Proton Therapy: What's the Catch? – Part 1
Bobby was diagnosed with prostate cancer in 2020. He talks about his path to getting diagnosed and undergoing proton therapy for treatment. Read Part 2.
Skeptical by nature
As the saying goes, when something sounds too good to be true, it usually is... So there has to be a catch, right? Though not from Missouri, I am fairly skeptical by nature. The "show me, don't tell me" approach has been pretty successful over the years, so when I first heard of proton therapy to treat prostate cancer, my first thought was, "OK, what aren't you telling me? What else do I need to know?"
My diagnosis experience
First my background: I was diagnosed with prostate cancer in August 2020 at age 57, Gleason 6, T1c. My PSA was 3.7 at its peak, and I had a rising trajectory for about 4 years. Because my father had prostate cancer, I was diligent about annual screening for some 15 years prior to diagnosis.
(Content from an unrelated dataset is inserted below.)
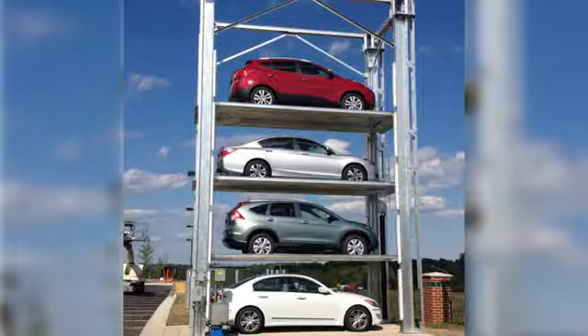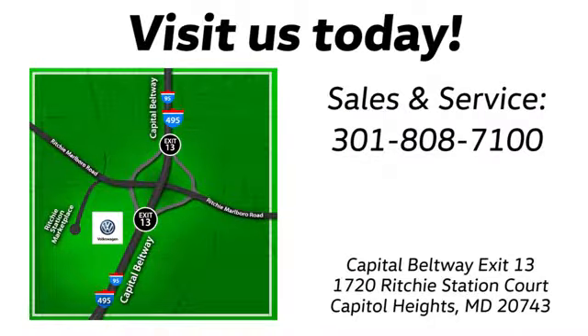Visit Bohanka Volkswagen today. Find us by the car tower, conveniently located on the Capitol Beltway at exit 13, 1720 Ritchie Station Court in Capitol Heights, Maryland.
Not once did a DRE reveal any abnormality, whether performed by internist, urologist, or radiation oncologist. The only indication that something could be awry, short of mild urinary symptoms, was the PSA results (lesson learned – I find it important to get your PSA regardless of what anyone tries to tell you).
All along I had been operating under the conventional wisdom that I was OK if my PSA was under 4.0, which it always was. Nothing on a DRE and under 4.0 is what you want, right?
Getting advised to see a urologist
But in June 2020, the internist ordered a PSA that red-flagged at 2.5 rather than 4.0. That test came back at 3.1, down from 3.7 the prior year, but now since it red flagged, I was advised to see a urologist.
"Why? I have no DRE abnormalities, and my PSA is down .6 from last year. Why now? Why wasn’t I referred last year when it was 3.7?" I wanted to know.
I never found out why the different PSA test was ordered. After 15 years of the standard 4.0 PSA test, now suddenly, and without prior discussion, I get a different, “more sensitive” one, and now I am advised to see a urologist. Ok, fine, I’ll go.
Being told I need a biopsy
“You need a biopsy,” says the first urologist, adding, “it is the only definitive way to diagnose cancer.” I gave all the “buts” – nothing found on DRE, never over 4.0, only mild symptoms; isn’t there something else to do first, like genetic testing or imaging?
“You still need a biopsy," I was told. "At your age, your PSA shouldn’t be above 2.5.” That was the first time I had heard that, contradicting conventional wisdom. Internists apparently don’t know this, or are just starting to learn it. Urologists apparently have known this for some time.
Given that prostate cancer is typically diagnosed around age 70 give or take, this is usually academic. But please take note that 2.5 can be your number if you are under 60.
Getting a second opinion
I decided to get a second opinion because I didn’t like the first. I was largely blindsided by the first guy, but thought I had my ducks in a row for the second guy with a seemingly solid argument not to have a biopsy. None of that mattered; his advice was the same. But since I liked him better, he did the 12 core biopsy.
Side note: I find it can be useful to insist on having local anesthetic prior to getting a prostate biopsy. With anesthetic, the biopsy was not only tolerable, but almost a non-issue. Later on, without anesthetic, I had 3 fiducial markers implanted in the prostate (trans rectally, similar to a biopsy) prior to beginning proton therapy. Though the whole thing was complete in about 2 minutes, it was truly one of the most miserable things I have ever experienced.
The biopsy findings
The biopsy came back positive for cancer in 4 cores (a subsequent MRI actually revealed 2 lesions). The urologist presented 4 treatment alternatives to me – standard EBRT, brachy seeds, surgery, cryotherapy – but then recommended against cryo. He also mentioned active surveillance.
With cryo off the table, I found myself with appointments to talk to the (photon) radiation oncologist and the surgeon, both of whom were in the same medical group as the urologist. No mention was made of proton therapy, perhaps because this medical group did not offer proton. Not mentioning proton therapy at this stage appears to be fairly common.